The major limitation of the study is the difference in sample size between the males and females. This will reduce power for sure. But a review of the raw data suggests that the differences on ADI-R and VABS data are so small that we suggest an equal sample size would make little difference to statistical significance. In a post hoc analysis (available from the authors), we re-did the analysis so that there were equal numbers (matching based on age) but that did not change the results on any of the analyses.

These data suggest at least three possibilities; either the differential threshold model is wrong, the genetic factors affecting risk do not also affect severity of non-verbal IQ, or the factors that affect variation in IQ among SPX girls are different than those affecting IQ among the MPX group. It is also possible that the measures of adaptive functioning and autistic symptoms are not sensitive to detect differences by gender. After all, the ADI-R scores are largely based on behaviours present at 4–5 years of age and it may be that gender exerts its effect either earlier or later.

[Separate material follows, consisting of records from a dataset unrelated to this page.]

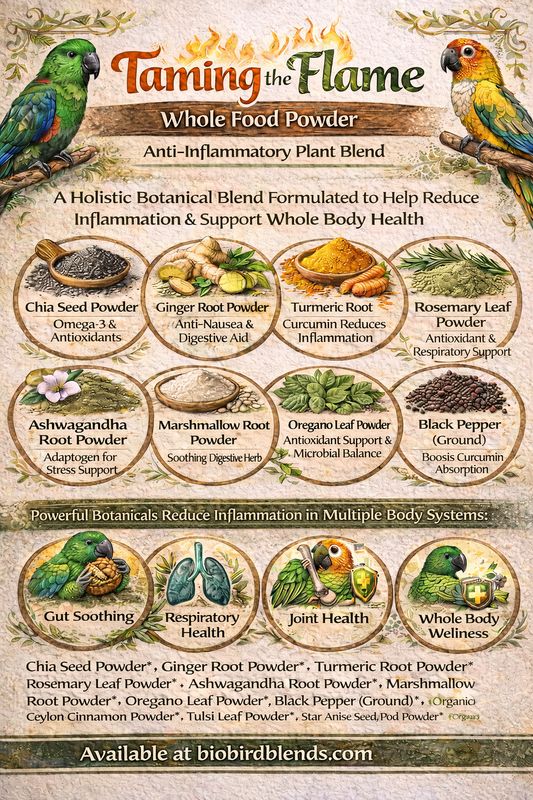 Biodiversity Taming the Flame Powder 4oz Biodiversity Taming the Flame Powder 4oz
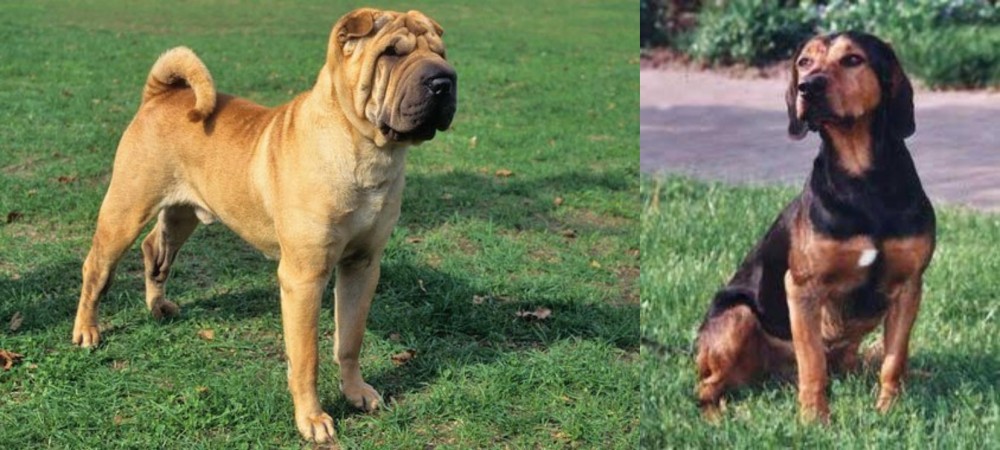 Tyrolean Hound vs Chinese Shar Pei - Breed Comparison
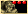rogue.jpg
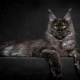 The largest Maine Coon in the world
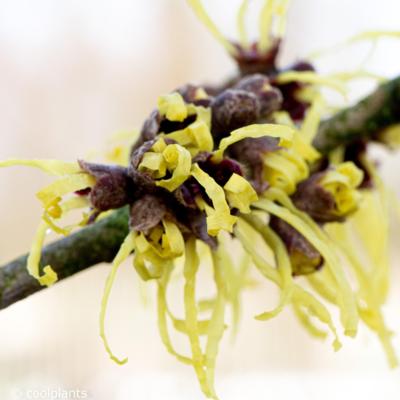 hamamelis-x-intermedia-pallida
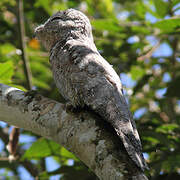 Great Potoo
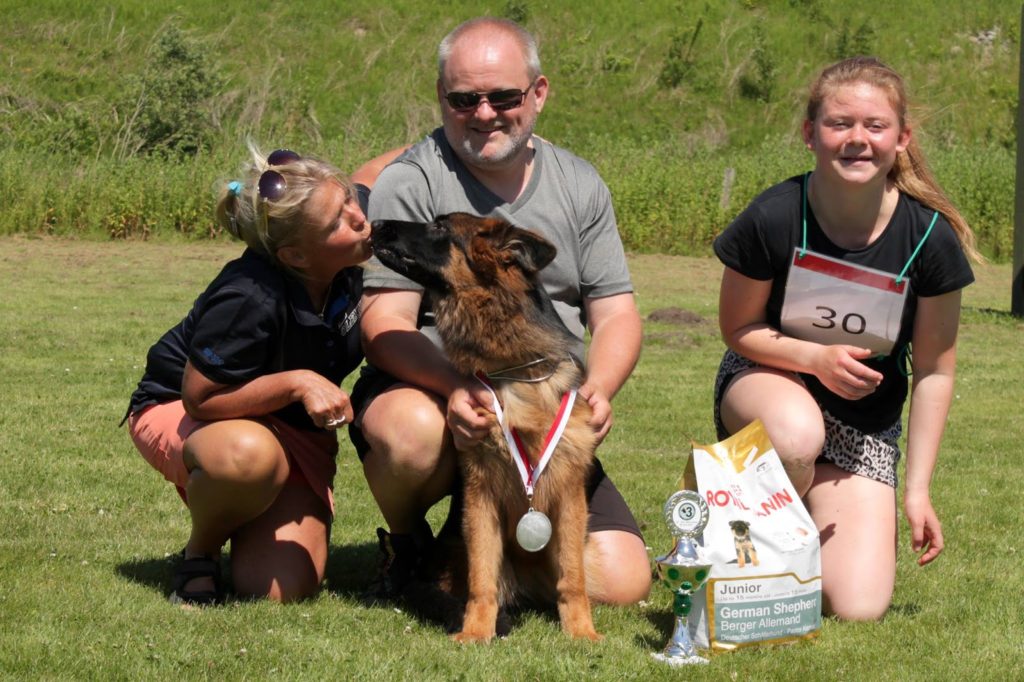 Olexiys Yvie - langhårede schæferhunde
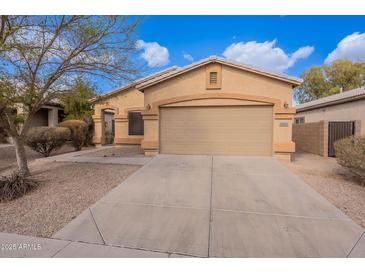 Charming single story house with neutral tan color scheme and a well maintained front yard at 1100 E Canyon Trl, San Tan Valley, AZ 85143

It would be first important to know if the risk of autism in relatives is greater if the proband is female rather than male. The community data from Utah suggest this (7% in relatives of male probands vs. 14.5% in relatives of female probands) but the difference was not significant (Ritvo et al 1989). More recent data from Goin-Kochel et al (2007), suggest no increase risk of autism by sex of proband. If the risk of the broader autism phenotype in relatives instead is used as the outcome measure, there is still no difference by sex of proband (Pickles et al 2000; Szatmari et al 2000). Another possibility is that the genetic factors affecting risk are different than those affecting severity in general, or cognitive impairment in particular. In this case, the difference in cognitive impairment between SPX males and females with ASD might be due to an in utero environmental effect that is either hormonal or epigenetic in nature (Schanen 2006) or due to some sporadic event. It is important to note that in typical children there is little or no hormonal effect on IQ (Azurmendi et al. 2005) so other mechanisms should be considered. We believe the most likely possibility is the existence of etiologic heterogeneity between SPX and MPX cases; more specifically, possibly a greater frequency of genomic risk factors among SPX families, especially girls. Recent data suggest that de novo copy number variants are more common in SPX than in MPX families and perhaps more common in affected girls than boys (Sebat et al 2007; Marshall et al. 2008). Perhaps SPX females with ASD are more likely to have a de novo copy number variant that not only serves as a risk factor for ASD but is also associated with lower non-verbal IQ than SPX males who might have more commonly a familial form of ASD with higher IQ. A focus on the genetics of girls with ASD could illuminate several unanswered questions about the factors that influence variation in severity. Stratification on both gender and MPX/SPX status in whole genome association studies would seem to be a prerequisite if more common genetic variants associated with ASD exist and are to be discovered.